From 1922-1937 Vladimir Nabokov lived and wrote in Berlin. During these years he established his reputation in the Russian émigré community as a prolific prose writer, playwright, poet, and translator. The precision and irony with which he documented Berlin’s creative and material culture revealed his simultaneous immersion in and detachment from the city. This strategy, and the works he produced in Berlin, would resonate throughout his career in later translations, adaptations, reminiscences and reworkings.


Berlin occupies a dominant place in Nabokov’s biography and creative imagining—it was his “true birthplace as a writer.” It was a place of personal trauma and personal survival, of literal birth as well as death. “Russian Berlin” was a place of “inner freedom,” and the crossroads of American, Soviet, and European modernity. Attuned to developments in German intellectual and cultural discourse, Nabokov addressed familiar interwar concerns from a startling insider-outsider perspective. At the same time, with multilingual works across genres, Nabokov developed an international career even in the 1930s.

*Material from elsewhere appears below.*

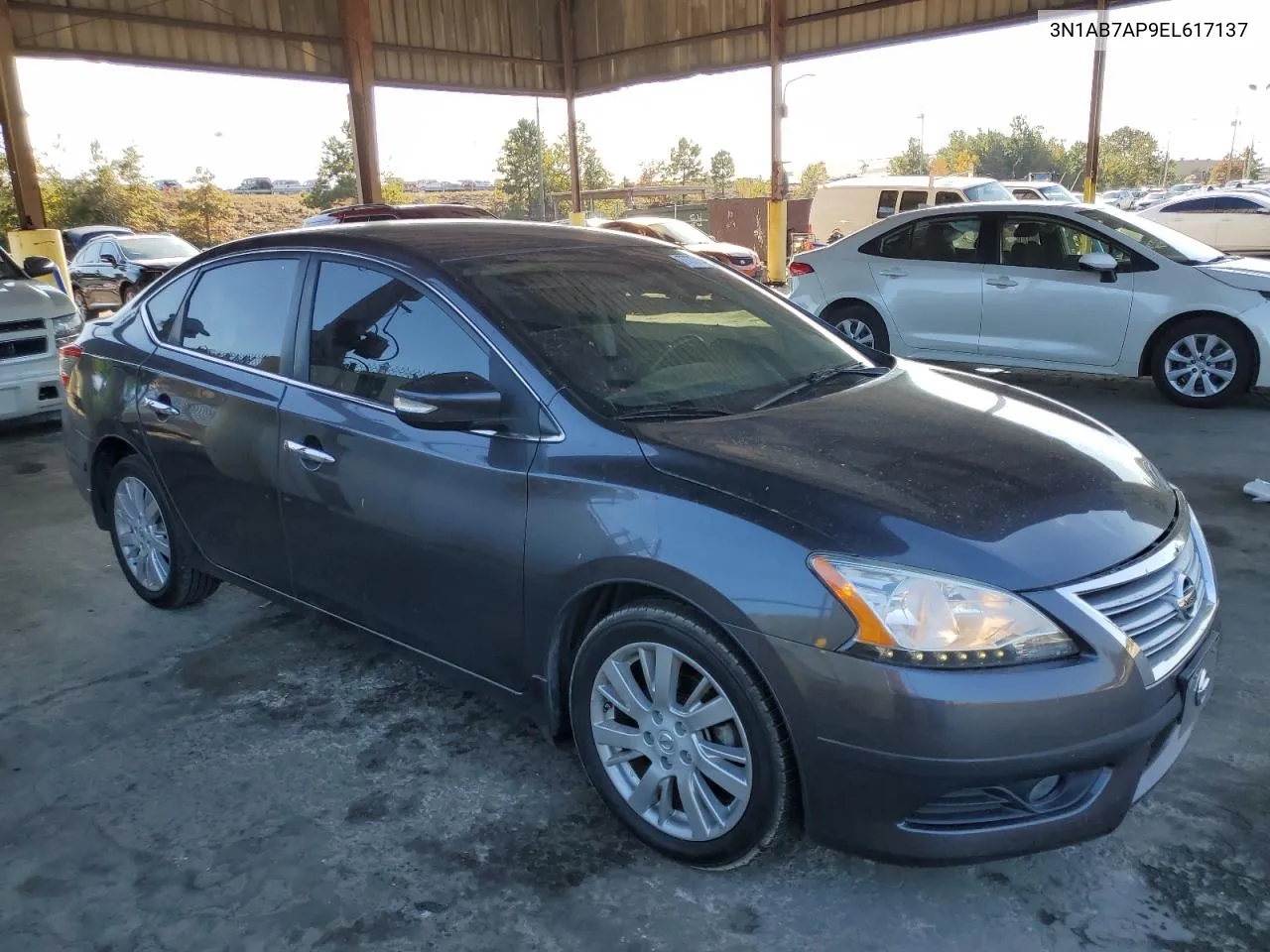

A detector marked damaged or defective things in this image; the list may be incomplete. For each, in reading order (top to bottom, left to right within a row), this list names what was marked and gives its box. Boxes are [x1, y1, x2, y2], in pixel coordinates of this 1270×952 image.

rusty metal beam [0, 0, 42, 229]
rusty metal beam [342, 0, 375, 205]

Nabokov’s explorations of the workings of memory and representing the self in a shattered world find echoes in postwar German artistic culture. In Fassbinder’s adaptation of Despair and novels by W.G. Sebald, Nabokov’s Berlin returns as a reference point.


“Nabokov and Berlin,” an international conference sponsored by the International Vladimir Nabokov Society, will be held on June 5-6, 2020 at the Literaturhaus-Berlin.  The academic conference component will bring together studies of Nabokov’s Berlin, its relation to the American years, and the refractions of Nabokov’s writings in German culture. The presenters include scholars from Europe and the United States whose research has contributed to our understanding of Nabokov’ relation to the city of Berlin, Weimar and Nazi culture, interwar modernity, and German language and contemporary literature.